From left to right: Mike Little, the fourth-generation owner-operator of Briggs & Little, with his sons John and C.J., who work on the factory floor. (Heather Barrett/CBC)
Briggs & Little's knitting yarn is a bit scratchy and has a faint whiff of its barnyard origins.
But in today's $2.8-billion North American knitting market, both the yarn and the small Canadian company that makes it have proved to be surprisingly durable.
"Part of the appeal to our customers is that we're just real people like anyone else," said John Little, the recently retired, third-generation owner and operator of the family-run company.
Located in York Mills, N.B., the mill started in 1857 and changed ownership and names over the years. In 1916, the business became Briggs & Little Woolen Mills Ltd., making it Canada's oldest continuously-operating woollen mill and one of the few remaining woollen mills left in North America.
The first thing you notice when you enter Briggs & Little's woollen mill is the smell of wet sheep.
"After a while you'll grow to really like it," laughed Mike Little, the mill's current owner-operator, and John's son.
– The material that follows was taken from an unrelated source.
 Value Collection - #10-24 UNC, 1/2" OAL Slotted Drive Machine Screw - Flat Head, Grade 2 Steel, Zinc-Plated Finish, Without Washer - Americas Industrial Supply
Mike is the fourth-generation Little to run the mill.
John Little, the third-generation owner-operator of Briggs & Little Woolen Mills Ltd., in front of the mill's world headquarters in York Mills, near Harvey Station, N.B. Pictured at right: Briggs & Little yarn ready to be shipped to customers. (Heather Barrett/CBC)
The mill takes freshly-shorn sheep's wool, most of it from Canadian Co-operative Wool Growers in Carleton Place, Ont., and the rest from individual farmers, and turns it into yarn in a rainbow of colours.